In 1962 he opened his own workshop. “There were many good billboard painters then. I never said, ‘it is me and no one else.’ I soon began painting for 10 cinemas in Athens. Now they all have digitally produced posters. Only one remains for my brushes, the Athinaion. For thirty years now I feel like they are my family.”

However painting was not his only talent as he was also a Greek boxing champion and won numerous dancing competition awards.

“I learnt to dance by watching Gene Kelly movies.” But his ‘fixation’ he says, “was always painting.”

The stars are always different, but the dimensions of each poster remain the same: 2.5m in height and a width of 5.5m. The materials also never change: “Fish glue and paints for religious icons,” he tells me and shows me the pot on the stove. “I take these granules which are like chickpeas and I heat them in a bain marie. When the fish glue melts I put it in the color and work it.” Once it would take just five hours to make a poster. “Now it takes me two days.”

“Do you know how many good painters have passed through here? They couldn’t do it. It is a strange job. The difficulty is in changing the scale when you take a small photograph and make it this big,”  Vassilis Dimitriou says

Growing old with Harrison Ford

It was one of the dozens of times that he was painting Leonardo Di Caprio when a journalist from the New York Times visited him and wrote an article dedicated to his life and art.

“I had done a good portrait of him for the Wolf of Wall Street. After the article things went mad, the telephone rang off the hook. An invitation followed to the TCM Classic Film Festival in Hollywood. He was unable to attend but painted a billboard which he sent by plane.

 

“’You must come,’ they insisted, ‘you are our honored guest’. But I can’t do a 20- hour trip. I am unwell and, besides, my wife does not get into airplanes. I have been married for 55 years with Kiki. We can’t be apart, for me to be in America and for her to stay here, even for ten days.”

“Kiki is my toughest critic,” he continues. “She appears behind that window when I am painting and shouts ‘bravo you star,’ or ‘his eye is a little smaller.’ One day she saw me getting very annoyed. I had painted Alain Delon and could not understand why it did not look like him. I kept looking and looking. Until Kiki saw it and immediately said, ‘but you’ve done him with brown eyes!’”

He has created thousands of portraits and has painted several Hollywood stars dozens of times, but none more than Harrison Ford.

“When I see him I say, ‘bravo son, we have gotten old together you and I.’ The hardest portraits are the ones of actors that I don’t like.”

“12 years ago Clint Eastwood learnt about me and sent someone to congratulate me. I sent him a portrait head of his. But I have never been good at public relations.”

So what happens to all the old posters?

“They are not kept. Look behind you. The rolls reach the ceiling. They need space and order. I don’t have space. I am a poor artist with a pension of 258 euros. And the paper gets ruined by the humidity and heat.
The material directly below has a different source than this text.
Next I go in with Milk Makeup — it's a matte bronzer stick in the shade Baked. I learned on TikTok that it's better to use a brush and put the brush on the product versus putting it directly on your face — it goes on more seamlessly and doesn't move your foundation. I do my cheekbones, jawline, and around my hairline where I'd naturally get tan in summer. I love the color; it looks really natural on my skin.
Who would take it and what would they do with it?”

“He has created thousands of portraits and has painted several Hollywood stars dozens of times, but none more than Harrison Ford.”

When he receives a new photograph to turn into a billboard poster he loses sleep over it. “I can be thinking about it all night. I dream about it, I turn it in my mind into a poster, I imagine how it will be. The hardest is when they give you a photograph loaded with many elements and you need to distinguish the important ones. I go to bed and my mind is working.”

He is a father, a grandfather and great grandfather.

 

“When I tell them I am here and I am painting no one comes. It is a lonely process. I have never torn up a poster, to start again from the beginning. I have loved all of them.”

Wednesday night at 11, at the intersection of Vasilissis Sofias and Alexandras avenues just as the audience of the late showing are entering the cinema, his latest poster is put up on the cinema’s billboard. “And as soon as it goes up I turn around and see about 10 people applauding, ‘Bravo, congratulations,’ they shout. Do you know how much that moves me?”